Sebelumnya, Alicia Djohar bersama tim mengadakan Kongres Parfi Dipercepat pada Senin, 23 Desember 2024, di Hotel Pomelotel, Jakarta Selatan.
Namun kongres ini mendapatkan penolakan dari sejumlah anggota senior PB Parfi, yang menyampaikan keberatan tertulis yang dibacakan di lokasi.
“Kami memandang tidak ada hal mendesak, baik secara internal maupun eksternal. Selain itu, tidak pernah ada AD/ART Parfi yang sah secara hukum, karena tidak ada yang disahkan dalam kongres sebelumnya,” demikian pernyataan yang disampaikan kepada Panitia Pelaksana Kongres Parfi Dipercepat 2024 kala itu.
Kini, Alicia Djohar membawa hal tersebut ke meja hijau melalui gugatan yang dilayangkan ke Pengadilan Tata Usaha Negara (PTUN), Pulo Gebang, Jakarta Timur.
Hasanuddin Nasution, Kuasa Hukum PB Parfi dibawah kepemimpinan Ki Kusumo menjelaskan, terhitung hari ini dia resmi menjadi advokat PB Parfi untuk menangani perkara tersebut.

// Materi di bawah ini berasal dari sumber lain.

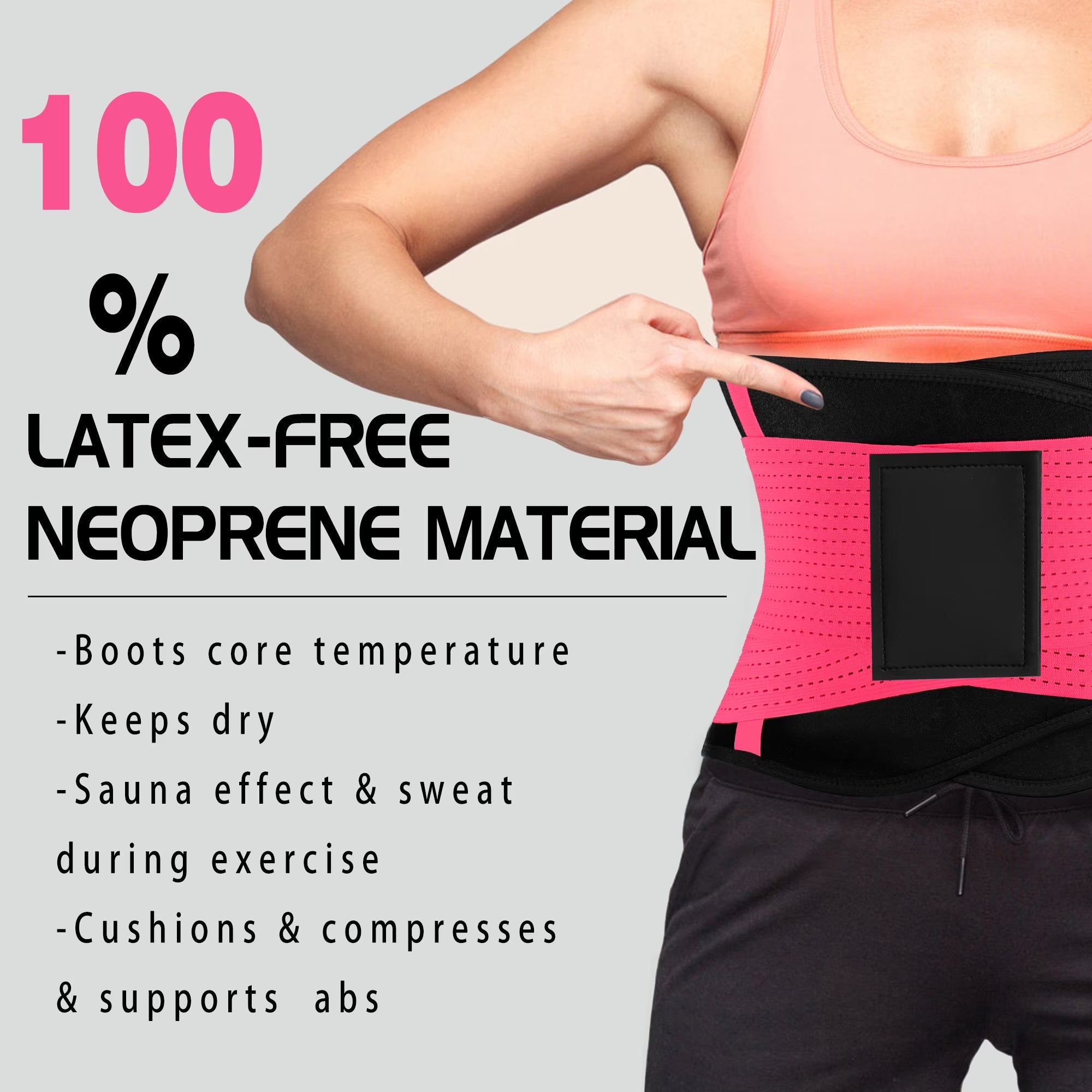 Waist Trainer for Women Waist Cincher Trimmer Toning Belt Weight Loss Back Support Tummy Control Yoga Shaper Workout
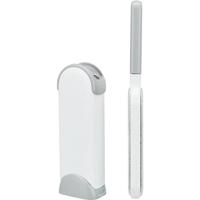 TRIXIE HARENPLUIZENBORSTEL MET REINIGINGSSTATION WIT / GRIJS 33 CM - thumbnail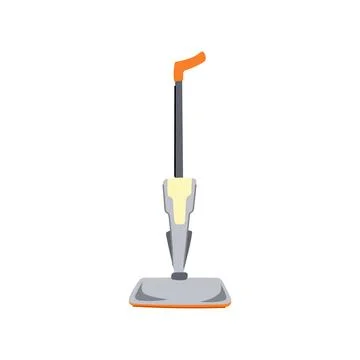 Modern electric mop cartoon vector illustration Stock Illustration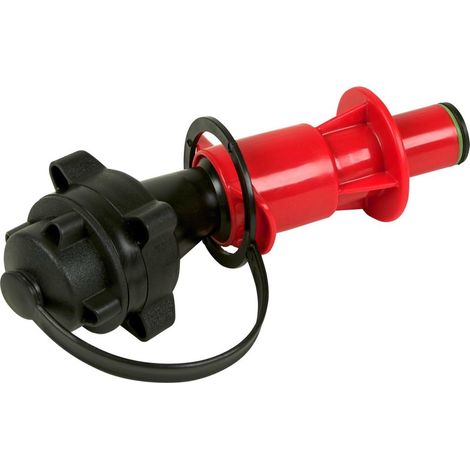 Bec verseur de sécurité universelle pour carburant et huile – Protection contre débordement – Compatible avec bidons Oregon Combi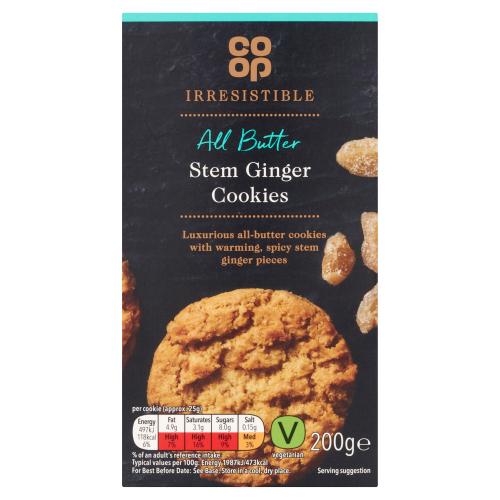 Co Op Stem Ginger Cookies 200g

“Gugatannya itu, berkaitan dengan keberadaan SK AHU yang dikeluarkan oleh Kementerian Hukum dan HAM kepada PB Parfi dibawah Ki Kusumo,” ujarnya kepada wartawan, Senin (5/5/2025).
Menurutnya Alicia Djohar tidak punya hak.
“Mereka menyebut berdiri tahun 2020. Sementara PB Parfi yang asli ini sudah berdiri sejak Maret 1956, kan berbeda,” lanjutnya.
Pihaknya mempertanyakan urusan Alicia Djohar dengan AHU yang dikeluarkan oleh Kementerian Hukum dan HAM kepada PB Parfi ini (Kepemimpinan Ki Kusumo).
“Mereka tidak punya legal standing untuk mengajukan gugatan,” tandasnya.
“Kalau mereka anggota PB Parfi kan gak mungkin mereka mendirikan dan membuat akte segala macam,” imbuhnya.
Dijelaskan, hingga hari ini atau sidang keempat masih agenda persiapan.
“Makanya, Ki Kusumo atau PB Parfi belum dianggap sebagai pihak dalam perkara. Lalu, bagaimana langkah selanjutnya?”
“Saya sampaikan ke semua artis senior, apabila bapak ibu menganggap PB Parfi ini rumah artis, maka harus dipertahankan. Karena menurut saya, tidak ada alasan mereka (Alicia Djohar) untuk meminta supaya AHU itu dibatalkan,” paparnya.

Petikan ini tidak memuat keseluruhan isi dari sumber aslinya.